Growth-related oncogene protein-alpha (GRO-alpha) is a member of the C-X-C chemokine family with a wide variety of biological activities. We studied the production of GRO-alpha by human umbilical vein endothelial cells (HUVEC) in response to the stimulation with soluble form of interleukin-6 receptor alpha (sIL-6R). sIL-6R stimulated HUVEC to express GRO-alpha mRNA and secrete GRO-alpha protein in concentration-and time-dependent manners. The sIL-6R-induced GRO-alpha expression was inhibited by the pretreatment of the cells with AG490, a janus kinase 2 (JAK2) inhibitor, or with U0126, a MAP kinase-ERK kinase (MEK) inhibitor. sIL-6R also induced the phosphorylation of both Src homology 2-protein tyrosine phosphatase-2 (SHP-2), signal transducer and activator of transcription 3 (STAT3) and MEK. AG490 pretreatment inhibited the MEK phosphorylation but did not affect the STAT3 phosphorylation. We conclude that sIL-6R induces GRO-alpha expression in HUVEC through the activation of JAK2 and MEK.

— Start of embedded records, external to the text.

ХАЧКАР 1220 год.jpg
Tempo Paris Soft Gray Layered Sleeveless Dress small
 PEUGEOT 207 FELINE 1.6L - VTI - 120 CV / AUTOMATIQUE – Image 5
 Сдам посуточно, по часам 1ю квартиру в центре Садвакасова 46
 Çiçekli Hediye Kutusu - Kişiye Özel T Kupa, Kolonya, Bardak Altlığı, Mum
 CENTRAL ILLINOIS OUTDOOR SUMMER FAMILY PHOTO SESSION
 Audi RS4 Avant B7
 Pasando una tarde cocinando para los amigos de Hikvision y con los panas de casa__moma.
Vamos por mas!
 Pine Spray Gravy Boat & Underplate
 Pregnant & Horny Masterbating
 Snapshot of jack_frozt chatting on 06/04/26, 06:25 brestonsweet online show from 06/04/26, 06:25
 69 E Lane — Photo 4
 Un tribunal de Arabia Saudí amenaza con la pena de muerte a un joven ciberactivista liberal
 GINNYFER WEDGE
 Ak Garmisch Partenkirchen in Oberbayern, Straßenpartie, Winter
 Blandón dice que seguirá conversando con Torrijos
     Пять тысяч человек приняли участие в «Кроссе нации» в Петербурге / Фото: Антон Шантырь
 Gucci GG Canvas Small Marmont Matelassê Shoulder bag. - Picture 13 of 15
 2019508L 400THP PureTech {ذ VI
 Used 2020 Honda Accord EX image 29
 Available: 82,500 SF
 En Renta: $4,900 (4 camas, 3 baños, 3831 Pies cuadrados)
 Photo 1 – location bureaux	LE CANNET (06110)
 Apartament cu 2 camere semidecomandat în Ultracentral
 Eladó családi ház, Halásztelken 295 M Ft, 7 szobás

生长相关癌基因蛋白α(GRO-α)是C-X-C趋化因子家族的成员,具有多种生物学活性。我们研究了人脐静脉内皮细胞(HUVEC)在可溶性白细胞介素-6受体α(sIL-6R)刺激下GRO-α的产生。sIL-6R以浓度和时间依赖性方式刺激HUVEC表达GRO-α mRNA并分泌GRO-α蛋白。用janus激酶2(JAK2)抑制剂AG490或丝裂原活化蛋白激酶-细胞外信号调节激酶激酶(MEK)抑制剂U0126预处理细胞可抑制sIL-6R诱导的GRO-α表达。sIL-6R还诱导Src同源2-蛋白酪氨酸磷酸酶-2(SHP-2)、信号转导子和转录激活子3(STAT3)以及MEK的磷酸化。AG490预处理可抑制MEK磷酸化,但不影响STAT3磷酸化。我们得出结论,sIL-6R通过激活JAK2和MEK诱导HUVEC中GRO-α的表达。